The regulations apply to:

  • Vehicles with a GVWR or gross combination weight rating (GCWR) of more than 10,000 lbs.
  • Vehicles with a GVWR of more than 26,000 lbs., which require commercial driver license (CDL).
  • Vehicles hauling hazardous materials, whether operating across state lines or totally within one state.
  • Trucks or for-hire small buses designed to carry more than 16 people, including the driver.

    The regulations are lengthy and potentially confusing. For example, operators can drive 3/4- or 1/2-ton pickups without requiring a DOT sticker, if there is no trailer attached. But adding a trailer may put it over the 10,001-pound GCWR regulation limit.

    For that reason, Sprint Nextel, for example, uses magnetic DOT number decals that it attaches only when its pickups are towing a trailer.

    “If you’re not towing, the GCWR is not in effect, and you don’t have to display any signage. And the DOT won’t bother you,” says Timberlake.

    On days that any of its vehicles meet the definition of a commercial motor vehicle, the company also requires that drivers conduct a pre-trip inspection and be satisfied the truck is in safe operating condition, as specified by Sections 396.13 and 392.7 of the FMSCR.

    The driver must also document a post-trip inspection, in accordance with section 396.11.

    The next time the pickup truck is used, the report must be maintained and reviewed, prior to operating the vehicle, even if days, weeks, or months have elapsed.

    Even though DOT regulations only apply to vehicles crossing state lines, some states, like California and North Carolina, also have in-state commercial truck requirements.

  • California regulations are very stringent, exceeding even those of the federal government.

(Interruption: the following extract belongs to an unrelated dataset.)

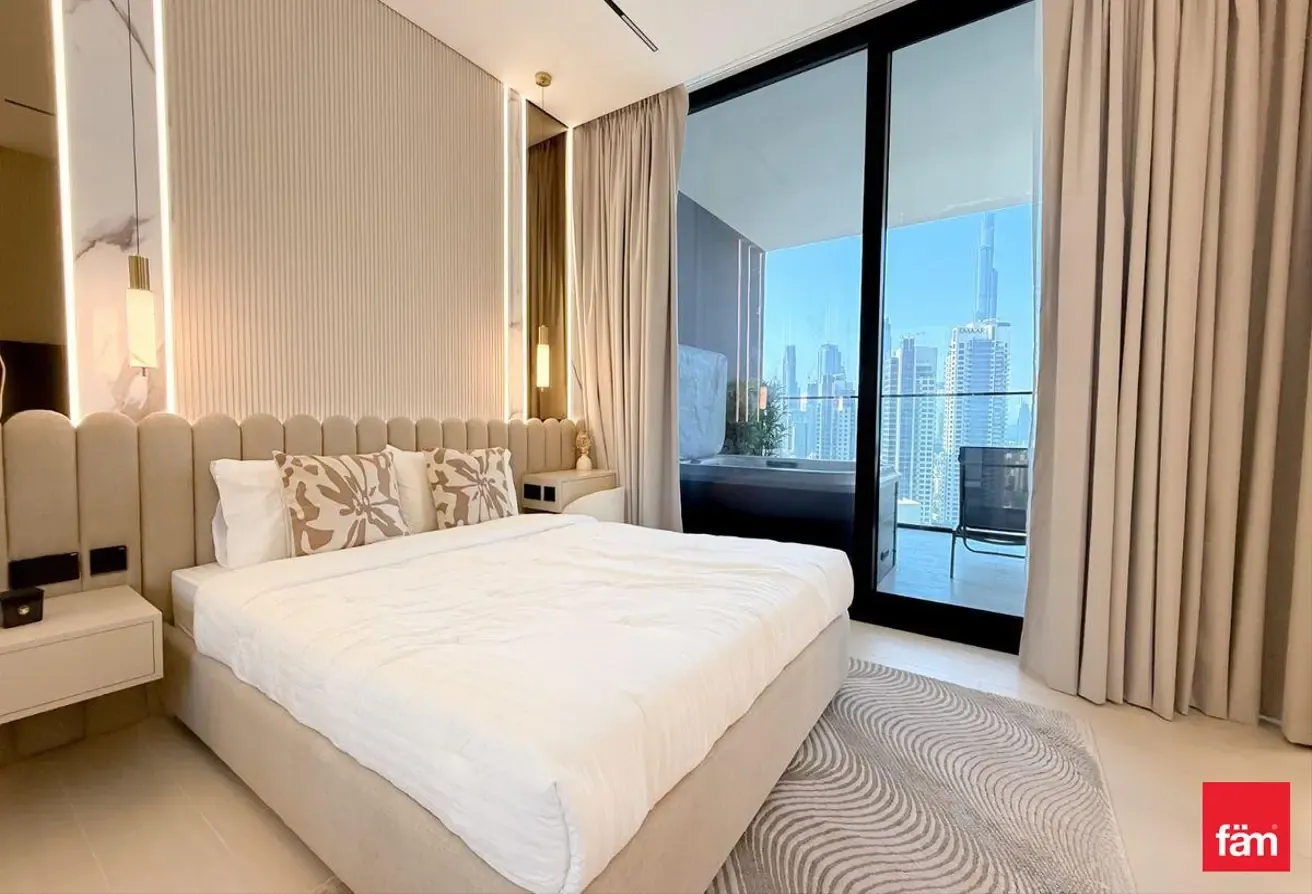 Furnished | High floor | Luxury | Private jacuzzi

They require operators of trucks with trailers over 10,001 lbs. GVW, for example, to have CDL licenses.

    They’re also very confusing.

    Says Timberlake: “If you’re crossing state lines, you’re responsible to know any of the rules of that state, over and above the federal regulations.”

    The information is typically available online from the state’s department of motor vehicles, which is usually the governing administration. In some states, it’s available from the highway patrol.

    Even savvy operators can be caught off guard by federal regulation governing trailer brakes, for example.

    Section 393.42 on the FMSCR Web site notes a requirement for the truck and trailer to have a common braking system for all wheels. Basically, that means when an operator steps on the brakes they must apply pressure to all truck and trailer wheels at the same time.

    One fleet operator interviewed by Work Truck noted that many of the company’s trailers were originally equipped with surge brakes.

    Surge brakes, unlike electrical brakes, operate under inertia. Typically, surge brakes are incapable of providing DOT’s one-brake-for-all-wheels requirement.

    After discussion among its supervisors, the company took the action needed to retrofit the trailers. It decided to retrofit its fleet with electrical brakes. Such a retrofit costs about $600 and can be done in a few hours.

    The confusion surrounding the brake systems resulted from the company’s departments not taking the FMCSRs into consideration prior to ordering trailers.

    Last July, a fleet official within the company created an internal fact sheet for departmental supervisors, which explained the surge brake issue in layman’s terms.

    Electric brakes use a single valve to control braking on all the vehicle’s truck/trailer wheels.

    A small brake control box, typically mounted under the dash, controls the amount of braking pressure and how quickly it’s applied after the operator steps on the brakes.

    DOT regulations really have a major impact on vehicle spec’cing, the company’s fleet manager noted.

    And in that respect, it pays to thoroughly study the guidelines and consider all the ways in which an operator’s trucks might be used in the future before spec’cing them.